OSMAN ÇETİNKAYA VE GALİP ÖZTÜRK MESELESİ

     Önceki gün Kavak, Ladik, Havza, Vezirköprü bölgesinde olduğum için dün köşe yazmadım. Etrafta olup bitenlere baktığımda o kadar çok konu gündeme gelmiş ki hangisini ele alacağımı şaşırdım. Normalde bugünkü köşemin tamamını Osman Çetinkaya’nın yaptığı hatalar zincirine ayıracaktım ama dünkü gündem köşe yazısını sadece Osman Çetinkaya’ya ayırmaya engel oldu. Sağlık camiasında yapılan operasyondan tutun da Galip Öztürk’ün Efkan Alaya attığı tweet’e kadar bir çok konuda yazı yazma zaruretinin hasıl olduğu ortaya çıkınca köşemizde bize ne kadar yer verilmiş ise orayı doldurana kadar yazacağız, kalanlarını da başka bir güne bırakacağız.

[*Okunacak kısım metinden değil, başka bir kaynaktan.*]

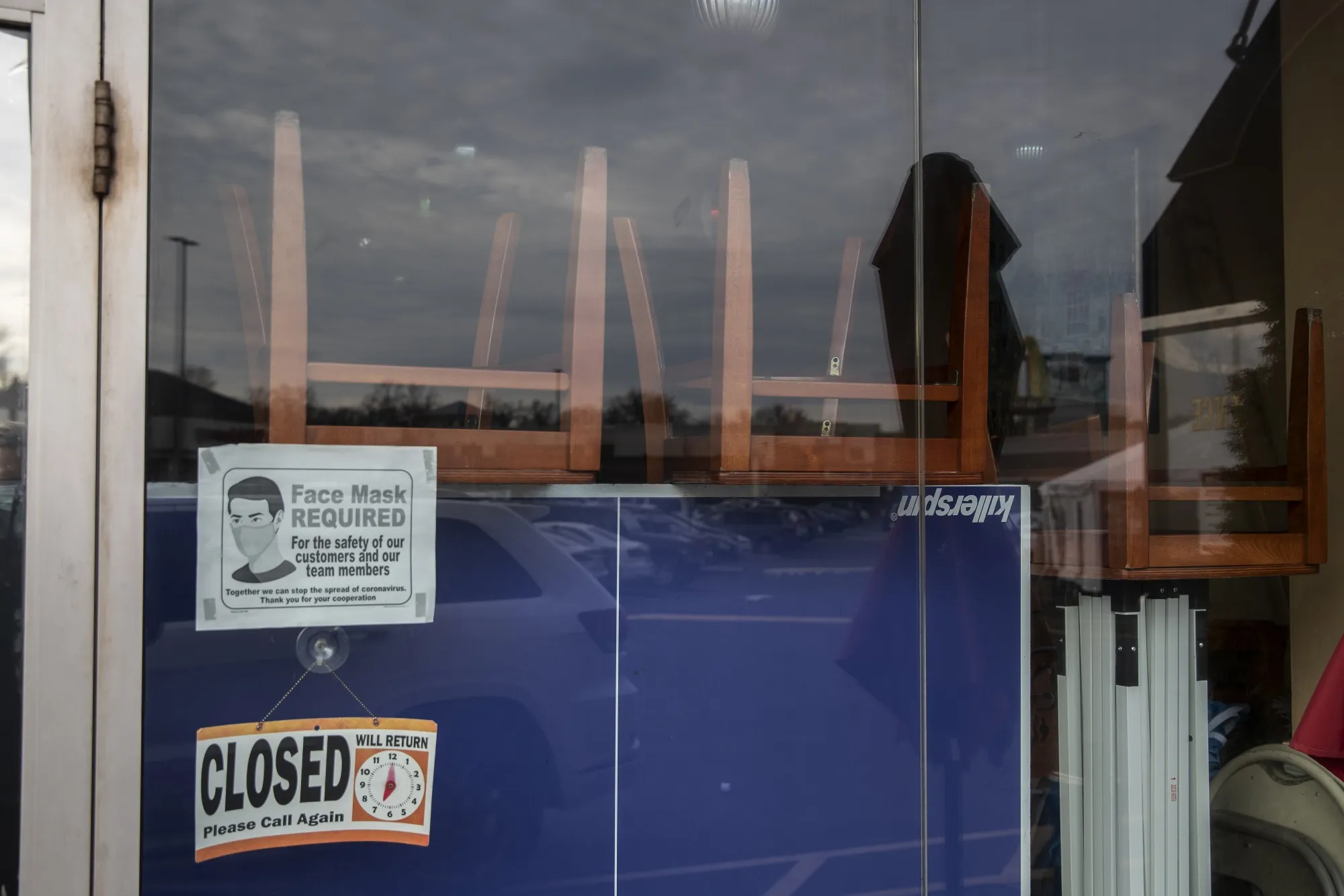A restaurant temporarily closed for indoor dining in the Tottenville neighborhood in the Staten Island Borough of New York, U.S., on Wednesday, Nov. 25, 2020. Coronavirus hospitalizations are rapidly rising in New York, already straining capacity on Staten Island, Governor Andrew Cuomo said on Monday.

     Konumuza Galip Öztürk’ün eski İçişleri Bakanı Efkan Ala’ya attığı tweet’le başlamak istiyorum.  Daha önceki yazılarımda bu konuya bir kaç kez girmiş olmama rağmen Galip Öztürk’ün gerekli uyarıyı almadığı yazdığı son yazıdan da anlaşılmakta. Konuyla ilgili biraz detay vermek istiyorum; zira Galip Öztürk’ün sanırım kılavuzu Karga olduğundan böyle hatalar yapmakta, toplumu da yanlış yönlendirmekte. Galip Öztürk’ün bildiğim kadarı ile Yargıtay aşamasında olan üç tane dosyası var. Bunlardan bir tanesi ta doksanlı yıllarda işlenen bir cinayetle ilgili olup o dosyadan Galip Öztürk müebbet hapis cezası almıştı. Ancak Rahşan Affı’ndan dolayı dosyanın sadece altı yıl yatarı var. Bir diğer dosyası silah bulundurma dosyası, ondan iki yıl ceza almıştı, Yargıtay’da onamıştı, son infaz affıyla o dosyanın yatarı kalmadı. Üçüncü dosyası ise Cemaat operasyonları ile 18 ay yatıp çıktığı ama on yıl ceza alıp Yargıtayın onayladığı dosya.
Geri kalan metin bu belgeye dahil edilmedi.